Electric Vehicle Costs Must Fall by 20% in India, Mahindra Says

Mahindra & Mahindra Ltd., India’s only manufacturer of electric passenger cars, said costs to produce the vehicles need to come down by about 20 percent to make prices attractive as the government looks to encourage adoption with favorable tax treatment.

The government needs to support research and development activities of suppliers to localize component manufacturing, Mahindra’s Managing Director Pawan Goenka said at a press conference in Mumbai Wednesday. The automaker imports almost half of the materials it uses in electric vehicles making them costlier, he said.

The company, which bought an electric-car maker seven years ago, is underlining the need to bring down manufacturing costs for such vehicles days after the government said it will charge a lower levy under a new goods and services tax. Prime Minister Narendra Modi has asked a group of senior ministers to lead an initiative to ensure that by 2030 almost all vehicles in India are powered by electricity as a way to curb oil imports and pollution.

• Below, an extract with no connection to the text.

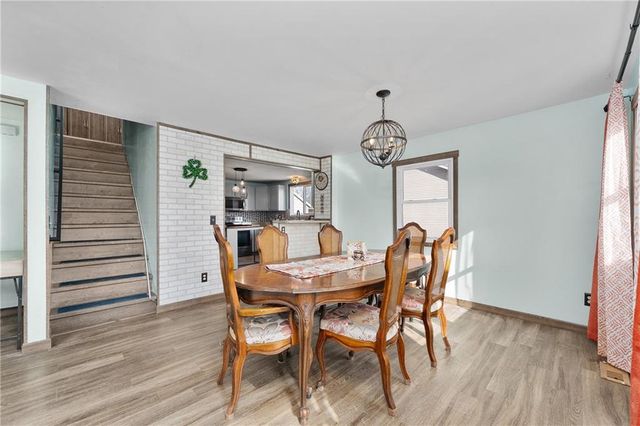 1715 SE 2nd Avenue, Menomonie, WI 54751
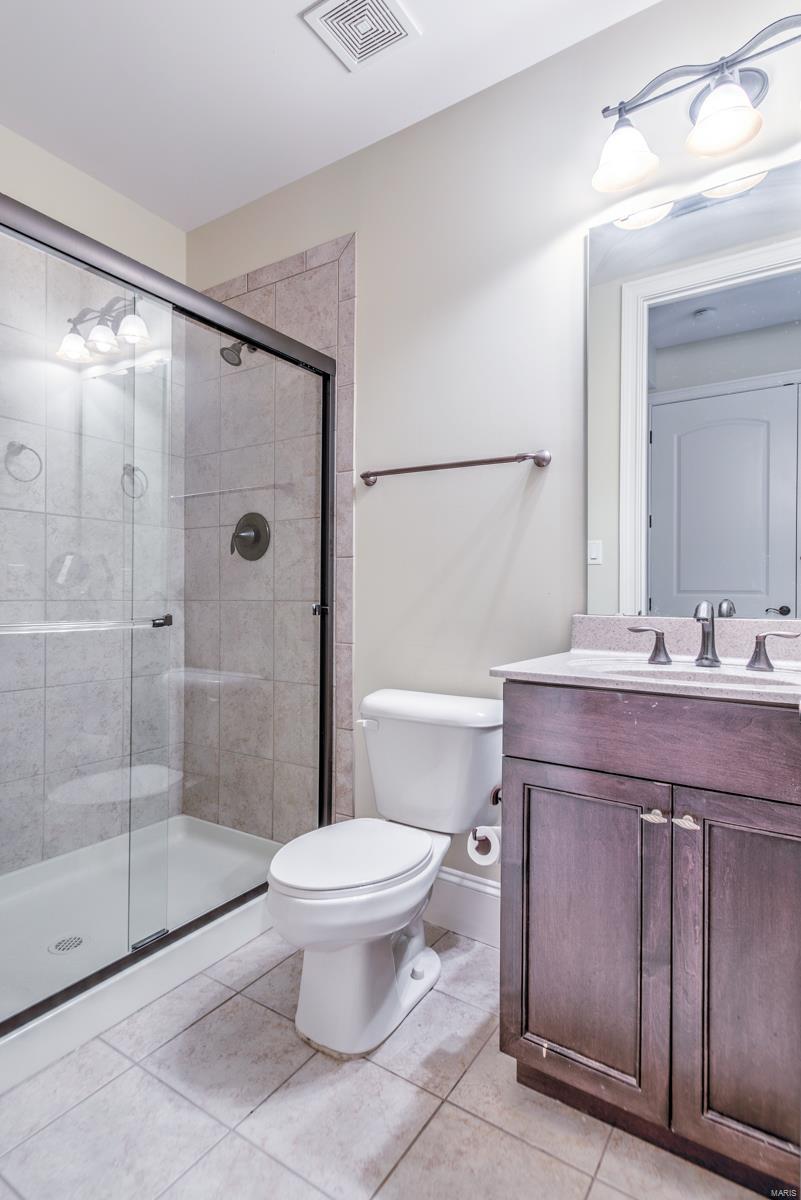 Arbor Trace - Residential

“There is a viability gap,” said Goenka. “If the cost of production is lower, I see 8 percent to 10 percent penetration by electric vehicles in the country in the next four to five years, this would mean 300,000 electric vehicles coming out in an year.”

Battery prices are expected to decline by as much as 25 percent in the next three years as volumes increase, Goenka said. Batteries account for about one-third the total cost of an electric vehicle.

Mahindra Electric Mobility Ltd., a subsidiary of the automaker, aims to expand its capacity to make electric vehicles almost 10-fold to 5,000 units a month in two to three years, Goenka said without elaborating on the type of vehicles that will be produced. The company, which sells about 100 electric vehicles a year, plans to introduce a 32-seat electric bus and three-wheeled electric rickshaws in 18 months, he said.